FoTO1和Taxol基因的发现使浆果赤霉素III的生物合成成为可能，这一成果由斯坦福大学Elizabeth S. Sattely小组经过不懈努力而取得。这一研究成果发表在2025年6月11日出版的国际学术期刊《自然》上。

在Taxthem庞大且富含酶的基因组中，研究人员预计紫杉醇途径将难以通过传统的RNA测序和共表达分析来解决。为了提高途径鉴定转录分析的分辨率，课题组开发了一种策略，课题组称之为多重扰动单核（mpXsn）转录图谱跨越组织、细胞类型、发育阶段和激发条件的细胞状态。他们的数据表明，紫杉醇生物合成基因分离成不同的表达模块，表明连续的亚通路。这些模块解析了7个新基因，允许在烟叶中重新合成和分离出17个基因的浆果赤霉素III（紫杉醇的原生前体），其含量与红杉针叶中的自然丰度相当。

值得注意的是，研究人员发现核转运因子2（NTF2）样蛋白FoTO1对于促进第一次氧化过程中所需产物的形成至关重要，从而解决了紫杉醇途径重构的长期瓶颈。与一个新的β-苯丙氨酸-辅酶a连接酶一起，这里发现的8个基因使3' -N-debenzoyl-2' -脱氧紫杉醇的生物合成成为可能。更广泛地说，该团队建立了一种可推广的方法来有效地扩展共表达分析的能力，以匹配大型、未表征基因组的复杂性，促进高价值基因集的发现。

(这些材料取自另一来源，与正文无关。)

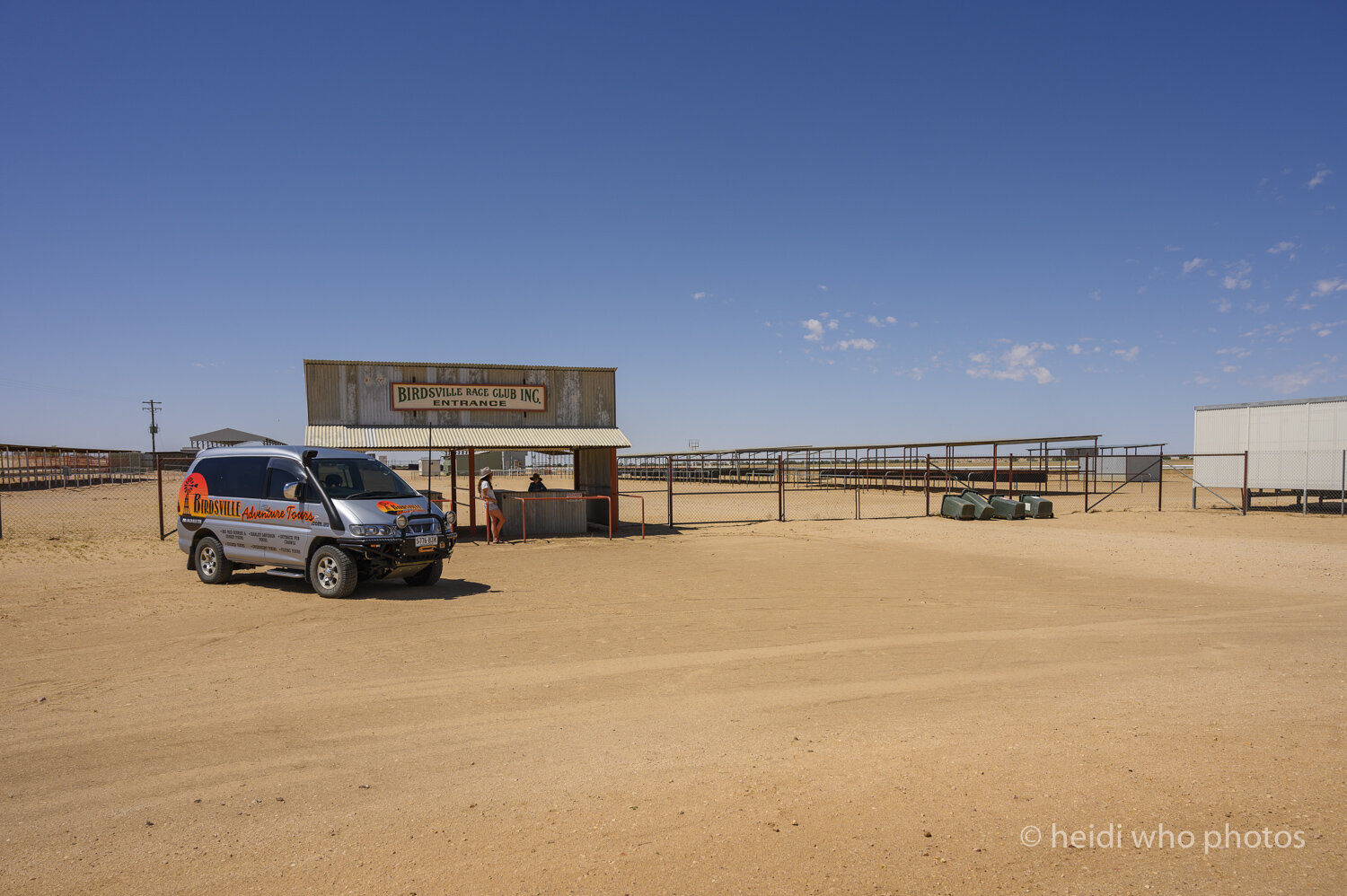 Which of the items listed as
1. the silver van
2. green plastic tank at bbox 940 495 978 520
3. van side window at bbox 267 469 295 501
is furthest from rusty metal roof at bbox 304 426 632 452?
green plastic tank at bbox 940 495 978 520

据介绍，植物制造复杂而有效的治疗分子，但从天然生产者或通过化学合成获得这些分子是困难的，这限制了它们在临床中的应用。一个突出的例子是抗癌治疗紫杉醇（以紫杉醇的品牌出售），它是从紫杉树（红豆杉品种）中提取的。确定完整的紫杉醇生物合成途径将使这种药物的异源合成成为可能，但尽管经过了半个世纪的研究，这一目标仍未实现。

附：英文原文

Title: Discovery of FoTO1 and Taxol genes enables biosynthesis of baccatin III

Author: McClune, Conor James, Liu, Jack Chun-Ting, Wick, Chloe, De La Pea, Ricardo, Lange, Bernd Markus, Fordyce, Polly M., Sattely, Elizabeth S.

Issue&Volume: 2025-06-11

Abstract: Plants make complex and potent therapeutic molecules1,2, but sourcing these molecules from natural producers or through chemical synthesis is difficult, which limits their use in the clinic. A prominent example is the anti-cancer therapeutic paclitaxel (sold under the brand name Taxol), which is derived from yew trees (Taxus species)3. Identifying the full paclitaxel biosynthetic pathway would enable heterologous production of the drug, but this has yet to be achieved despite half a century of research4. Within Taxus’ large, enzyme-rich genome5, we suspected that the paclitaxel pathway would be difficult to resolve using conventional RNA-sequencing and co-expression analyses. Here, to improve the resolution of transcriptional analysis for pathway identification, we developed a strategy we term multiplexed perturbation×single nuclei (mpXsn) to transcriptionally profile cell states spanning tissues, cell types, developmental stages and elicitation conditions. Our data show that paclitaxel biosynthetic genes segregate into distinct expression modules that suggest consecutive subpathways. These modules resolved seven new genes, allowing a de novo 17-gene biosynthesis and isolation of baccatin III, the industrial precursor to Taxol, in Nicotiana benthamiana leaves, at levels comparable with the natural abundance in Taxus needles. Notably, we found that a nuclear transport factor 2 (NTF2)-like protein, FoTO1, is crucial for promoting the formation of the desired product during the first oxidation, resolving a long-standing bottleneck in paclitaxel pathway reconstitution. Together with a new β-phenylalanine-CoA ligase, the eight genes discovered here enable the de novo biosynthesis of 3’-N-debenzoyl-2’-deoxypaclitaxel. More broadly, we establish a generalizable approach to efficiently scale the power of co-expression analysis to match the complexity of large, uncharacterized genomes, facilitating the discovery of high-value gene sets.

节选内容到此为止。